Wendot emphasized the need for accurate interpretation of the figures, warning that misunderstanding the data could create unnecessary panic.
"Accurate interpretation of child protection data is important in supporting informed public discourse and coordinated efforts to safeguard every child," the statement further read.
Wendot also assured Kenyans that the government is actively handling the matter through coordinated interventions involving multiple agencies.
"The Government is fully seized of this matter. We are coordinating a multi-agency approach aimed at strengthening child protection, prevention, tracing, reunification and response systems across the country," the statement concluded.
Elsewhere, the National Police Service (NPS) has dismissed claims of a surge in child disappearance cases in Kenya.
In an interview on Tuesday, May 26, NPS Spokesperson Michael Muchiri attributed growing public panic to increased awareness and rapid spread of information online.
"We don’t have a surge; it is only that we have a public that is more conscious, more aware, and then we have the spread of information, which is faster," he said.

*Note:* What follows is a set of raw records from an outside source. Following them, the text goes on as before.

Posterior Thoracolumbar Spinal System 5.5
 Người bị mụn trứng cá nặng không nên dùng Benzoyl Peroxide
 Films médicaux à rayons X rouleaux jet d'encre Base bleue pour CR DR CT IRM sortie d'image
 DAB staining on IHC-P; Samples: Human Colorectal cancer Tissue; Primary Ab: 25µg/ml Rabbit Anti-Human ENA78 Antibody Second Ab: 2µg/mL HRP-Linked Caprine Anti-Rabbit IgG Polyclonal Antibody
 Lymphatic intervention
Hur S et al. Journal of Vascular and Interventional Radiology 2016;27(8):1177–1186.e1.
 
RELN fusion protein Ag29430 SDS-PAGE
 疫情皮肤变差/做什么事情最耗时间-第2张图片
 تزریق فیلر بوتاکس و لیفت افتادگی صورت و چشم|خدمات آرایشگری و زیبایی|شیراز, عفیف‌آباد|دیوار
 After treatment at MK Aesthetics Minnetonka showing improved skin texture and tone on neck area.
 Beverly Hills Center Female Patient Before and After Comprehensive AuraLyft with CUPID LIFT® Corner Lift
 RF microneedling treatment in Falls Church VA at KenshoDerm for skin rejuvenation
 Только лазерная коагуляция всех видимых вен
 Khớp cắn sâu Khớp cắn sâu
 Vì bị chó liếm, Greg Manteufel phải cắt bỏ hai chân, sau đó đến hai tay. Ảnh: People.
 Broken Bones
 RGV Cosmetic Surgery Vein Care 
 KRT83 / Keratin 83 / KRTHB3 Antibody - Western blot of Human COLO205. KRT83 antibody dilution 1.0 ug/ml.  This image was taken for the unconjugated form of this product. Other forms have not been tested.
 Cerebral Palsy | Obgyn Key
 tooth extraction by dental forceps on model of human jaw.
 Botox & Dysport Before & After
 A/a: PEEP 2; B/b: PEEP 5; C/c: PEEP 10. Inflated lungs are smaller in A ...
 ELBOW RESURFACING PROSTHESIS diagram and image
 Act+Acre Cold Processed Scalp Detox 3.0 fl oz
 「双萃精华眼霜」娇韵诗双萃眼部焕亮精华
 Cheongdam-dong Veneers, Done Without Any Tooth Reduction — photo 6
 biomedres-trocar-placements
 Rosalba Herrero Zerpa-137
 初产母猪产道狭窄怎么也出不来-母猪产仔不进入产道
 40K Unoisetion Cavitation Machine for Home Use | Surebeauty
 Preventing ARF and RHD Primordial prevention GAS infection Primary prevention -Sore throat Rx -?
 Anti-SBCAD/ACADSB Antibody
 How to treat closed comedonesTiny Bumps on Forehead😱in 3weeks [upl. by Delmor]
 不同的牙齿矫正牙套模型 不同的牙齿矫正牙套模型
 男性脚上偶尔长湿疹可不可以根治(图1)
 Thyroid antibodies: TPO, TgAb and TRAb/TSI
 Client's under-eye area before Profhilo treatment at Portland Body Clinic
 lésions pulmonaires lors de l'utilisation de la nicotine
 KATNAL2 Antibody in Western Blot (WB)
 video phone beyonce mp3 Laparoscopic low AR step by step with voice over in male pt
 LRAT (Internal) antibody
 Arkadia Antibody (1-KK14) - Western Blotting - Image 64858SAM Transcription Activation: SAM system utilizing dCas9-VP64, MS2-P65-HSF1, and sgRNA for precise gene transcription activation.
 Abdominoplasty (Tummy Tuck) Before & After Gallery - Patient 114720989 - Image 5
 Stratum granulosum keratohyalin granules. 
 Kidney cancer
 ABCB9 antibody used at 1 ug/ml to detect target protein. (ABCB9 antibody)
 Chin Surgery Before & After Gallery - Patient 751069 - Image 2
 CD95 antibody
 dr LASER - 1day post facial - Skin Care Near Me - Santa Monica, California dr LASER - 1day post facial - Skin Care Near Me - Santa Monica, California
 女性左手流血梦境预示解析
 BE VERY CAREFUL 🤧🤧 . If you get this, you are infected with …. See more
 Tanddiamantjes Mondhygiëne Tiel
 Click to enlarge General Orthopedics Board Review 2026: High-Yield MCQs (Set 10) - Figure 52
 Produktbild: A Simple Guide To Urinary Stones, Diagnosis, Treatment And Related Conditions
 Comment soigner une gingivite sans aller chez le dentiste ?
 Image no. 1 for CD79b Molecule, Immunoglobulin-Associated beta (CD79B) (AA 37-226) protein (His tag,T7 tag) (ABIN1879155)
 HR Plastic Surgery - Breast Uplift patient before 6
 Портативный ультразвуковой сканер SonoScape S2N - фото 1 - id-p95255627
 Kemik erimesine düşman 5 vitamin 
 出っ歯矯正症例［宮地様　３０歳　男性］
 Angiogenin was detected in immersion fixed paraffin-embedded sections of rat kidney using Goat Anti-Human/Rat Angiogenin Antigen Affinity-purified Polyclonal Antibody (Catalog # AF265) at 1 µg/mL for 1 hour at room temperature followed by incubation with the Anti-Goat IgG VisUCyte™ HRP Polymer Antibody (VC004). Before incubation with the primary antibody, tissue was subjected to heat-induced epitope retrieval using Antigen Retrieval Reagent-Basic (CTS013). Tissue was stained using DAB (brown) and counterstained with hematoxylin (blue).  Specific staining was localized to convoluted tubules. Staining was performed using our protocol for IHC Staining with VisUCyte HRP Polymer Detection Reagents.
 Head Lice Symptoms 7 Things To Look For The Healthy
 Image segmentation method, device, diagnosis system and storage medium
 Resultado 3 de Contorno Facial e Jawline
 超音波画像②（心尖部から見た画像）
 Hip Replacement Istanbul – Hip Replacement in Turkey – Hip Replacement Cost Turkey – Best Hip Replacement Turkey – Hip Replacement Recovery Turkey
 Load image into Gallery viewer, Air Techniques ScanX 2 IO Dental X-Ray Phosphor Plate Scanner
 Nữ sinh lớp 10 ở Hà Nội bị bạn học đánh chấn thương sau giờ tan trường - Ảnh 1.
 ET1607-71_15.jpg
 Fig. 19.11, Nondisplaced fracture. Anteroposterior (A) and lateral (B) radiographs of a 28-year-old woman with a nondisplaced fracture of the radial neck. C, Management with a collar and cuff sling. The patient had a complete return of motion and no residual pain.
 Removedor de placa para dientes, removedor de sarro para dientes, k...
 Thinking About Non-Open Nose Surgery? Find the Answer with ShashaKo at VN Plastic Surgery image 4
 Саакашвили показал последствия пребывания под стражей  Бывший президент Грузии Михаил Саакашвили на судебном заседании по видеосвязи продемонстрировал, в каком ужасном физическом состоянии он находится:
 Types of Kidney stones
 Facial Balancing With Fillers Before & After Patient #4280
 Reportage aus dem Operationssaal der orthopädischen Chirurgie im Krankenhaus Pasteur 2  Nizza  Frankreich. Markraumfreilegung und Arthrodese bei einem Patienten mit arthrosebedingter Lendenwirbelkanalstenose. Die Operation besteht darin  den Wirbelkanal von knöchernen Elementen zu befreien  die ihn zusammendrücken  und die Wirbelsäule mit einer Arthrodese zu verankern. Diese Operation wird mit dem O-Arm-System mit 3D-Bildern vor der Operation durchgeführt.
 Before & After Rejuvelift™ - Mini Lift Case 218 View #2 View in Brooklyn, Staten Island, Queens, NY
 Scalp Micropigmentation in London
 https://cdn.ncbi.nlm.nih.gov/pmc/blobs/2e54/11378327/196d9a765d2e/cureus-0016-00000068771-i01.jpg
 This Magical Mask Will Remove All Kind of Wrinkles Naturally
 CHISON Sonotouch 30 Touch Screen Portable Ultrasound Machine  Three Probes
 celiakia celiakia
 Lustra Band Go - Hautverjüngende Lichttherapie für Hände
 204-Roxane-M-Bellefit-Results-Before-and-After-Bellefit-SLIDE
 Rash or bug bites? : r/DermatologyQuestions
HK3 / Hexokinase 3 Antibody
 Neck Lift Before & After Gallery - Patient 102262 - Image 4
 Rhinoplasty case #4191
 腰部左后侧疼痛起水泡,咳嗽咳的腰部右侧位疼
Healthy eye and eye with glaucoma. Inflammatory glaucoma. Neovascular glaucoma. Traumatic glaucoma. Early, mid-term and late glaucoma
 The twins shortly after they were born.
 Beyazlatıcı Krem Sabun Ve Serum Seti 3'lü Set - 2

Muchiri warned about the role of artificial intelligence and old clips being reshared online, saying this had contributed significantly to public anxiety.
"We have the intrusion of AI and fakes. Some of the clips we have seen in recent times, you find that this is something that is recycled; it has been seen at some other point," he added.
Muchiri discouraged the trend, saying misleading online narratives risk creating unnecessary fear among Kenyans by giving the impression that the country is facing a crisis involving missing children.
"It would place the country at a point where we suddenly start realizing or thinking that there is a surge, that we have an emergency in these cases, that is not the case at all. The best approach when you are talking about these things is to have the calmness and the facts before us," he further said.